它仍然不是完整 HTML parser，但对资产发现够用。

计算 body hash
#

Nmap 的 OpenSSL 模块提供 MD5：

local body_hash = nil
if body_len > 0 then
  body_hash = stdnse.tohex(openssl.md5(body))
end

openssl.md5(body) 返回二进制 digest，stdnse.tohex 把它转成十六进制字符串。

这里的 hash 是对 response.body 计算的。也就是说，如果 body 被 max_body_size 截断，hash 就是截断内容的 hash，不是完整页面 hash。

所以必须输出完整性标记。

判断 hash 是否完整
#

可以结合两点判断：

response.truncated
Content-Length 和实际读取长度是否一致

local content_length = tonumber(important_headers["content-length"])

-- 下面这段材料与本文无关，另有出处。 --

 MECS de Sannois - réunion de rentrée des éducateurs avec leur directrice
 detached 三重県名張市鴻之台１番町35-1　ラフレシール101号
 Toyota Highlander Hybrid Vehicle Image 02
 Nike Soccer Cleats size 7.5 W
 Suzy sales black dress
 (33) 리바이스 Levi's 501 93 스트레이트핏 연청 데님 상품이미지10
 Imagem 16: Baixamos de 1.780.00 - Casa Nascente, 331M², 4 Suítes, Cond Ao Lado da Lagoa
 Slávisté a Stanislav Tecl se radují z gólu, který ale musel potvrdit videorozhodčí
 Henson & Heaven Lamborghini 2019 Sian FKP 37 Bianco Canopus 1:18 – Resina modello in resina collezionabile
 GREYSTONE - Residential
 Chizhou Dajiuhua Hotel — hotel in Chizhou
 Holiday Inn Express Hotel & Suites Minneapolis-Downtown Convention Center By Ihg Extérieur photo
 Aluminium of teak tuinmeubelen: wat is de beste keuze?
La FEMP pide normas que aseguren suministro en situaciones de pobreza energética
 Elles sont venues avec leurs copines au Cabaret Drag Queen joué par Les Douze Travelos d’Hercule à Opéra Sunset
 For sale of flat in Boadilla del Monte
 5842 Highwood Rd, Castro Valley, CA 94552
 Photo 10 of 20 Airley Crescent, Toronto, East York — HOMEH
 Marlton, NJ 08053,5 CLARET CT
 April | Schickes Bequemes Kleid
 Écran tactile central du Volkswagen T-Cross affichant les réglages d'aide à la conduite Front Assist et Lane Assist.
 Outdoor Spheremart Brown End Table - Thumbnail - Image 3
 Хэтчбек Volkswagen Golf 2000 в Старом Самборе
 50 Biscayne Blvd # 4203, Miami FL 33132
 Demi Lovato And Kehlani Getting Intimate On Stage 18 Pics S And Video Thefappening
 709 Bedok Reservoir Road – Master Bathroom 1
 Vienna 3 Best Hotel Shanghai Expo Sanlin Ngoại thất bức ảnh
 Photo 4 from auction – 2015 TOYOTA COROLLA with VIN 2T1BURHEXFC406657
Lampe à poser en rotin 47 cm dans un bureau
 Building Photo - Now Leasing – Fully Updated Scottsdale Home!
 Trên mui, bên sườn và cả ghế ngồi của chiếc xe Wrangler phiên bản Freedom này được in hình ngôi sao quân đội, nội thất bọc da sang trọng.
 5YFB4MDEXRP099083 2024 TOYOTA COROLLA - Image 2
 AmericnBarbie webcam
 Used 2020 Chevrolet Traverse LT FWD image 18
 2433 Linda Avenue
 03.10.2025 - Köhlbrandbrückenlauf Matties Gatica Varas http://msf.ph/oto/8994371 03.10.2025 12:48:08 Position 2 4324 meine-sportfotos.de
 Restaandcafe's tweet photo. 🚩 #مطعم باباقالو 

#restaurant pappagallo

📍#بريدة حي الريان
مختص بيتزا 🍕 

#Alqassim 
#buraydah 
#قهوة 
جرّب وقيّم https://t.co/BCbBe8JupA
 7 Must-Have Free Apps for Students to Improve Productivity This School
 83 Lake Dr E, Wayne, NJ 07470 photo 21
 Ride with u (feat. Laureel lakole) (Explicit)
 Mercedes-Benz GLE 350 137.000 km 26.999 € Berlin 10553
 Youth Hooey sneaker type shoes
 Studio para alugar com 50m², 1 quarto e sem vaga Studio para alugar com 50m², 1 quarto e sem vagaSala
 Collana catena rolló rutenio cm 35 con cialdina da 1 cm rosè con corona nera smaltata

local hash_complete = not response.truncated
if content_length then
  hash_complete = hash_complete and content_length == body_len
end

然后输出：

out.body.hash_complete = hash_complete
out.body.truncated = response.truncated or false

这样下游系统就不会把截断 body 的 hash 当成完整页面 hash。

输出层：结构化输出
#

推荐使用 stdnse.output_table()，它可以保持输出顺序。

local out = stdnse.output_table()
out.status = response.status
out.server = important_headers.server
out.location = important_headers.location
out.content_type = important_headers["content-type"]
out.title = title

out.body = stdnse.output_table()
out.body.length = body_len
out.body.content_length = important_headers["content-length"]
out.body.hash = body_hash
out.body.hash_complete = hash_complete
out.body.truncated = response.truncated or false
out.body.preview = body:sub(1, 200)

return out

Nmap 会把它输出成普通文本，也会在 XML 里输出成结构化节点。

XML 大概会有：

<elem key="status">200</elem>
<elem key="server">cloudflare</elem>
<elem key="title">...</elem>
<table key="body">
  <elem key="length">41836</elem>
  <elem key="hash">...</elem>
  <elem key="hash_complete">true</elem>
  <elem key="truncated">false</elem>
</table>

这比只返回一段字符串好得多。

完整脚本
#

description = [[
Structured curl-like HTTP fetcher (optimized for asset discovery).
]]

author = "ihexon"

license = "Same as Nmap"

categories = {"discovery", "safe"}

local http = require "http"
local shortport = require "shortport"
local stdnse = require "stdnse"
local openssl = require "openssl"

portrule = shortport.http

local function extract_title(body)
  if not body then return nil end
  return body:match("<[Tt][Ii][Tt][Ll][Ee][^>]*>([^<]*)</[Tt][Ii][Tt][Ll][Ee]>")
end

action = function(host, port)
  local path = stdnse.get_script_args(SCRIPT_NAME .. ".path") or "/"
  local max_body_size = tonumber(stdnse.get_script_args(SCRIPT_NAME .. ".max-body-size")) or 2 * 1024 * 1024
  local user_agent = stdnse.get_script_args(SCRIPT_NAME .. ".useragent")
    or "Mozilla/5.0 (Windows NT 10.0; Win64; x64) AppleWebKit/537.36 (KHTML, like Gecko) Chrome/125.0.0.0 Safari/537.36"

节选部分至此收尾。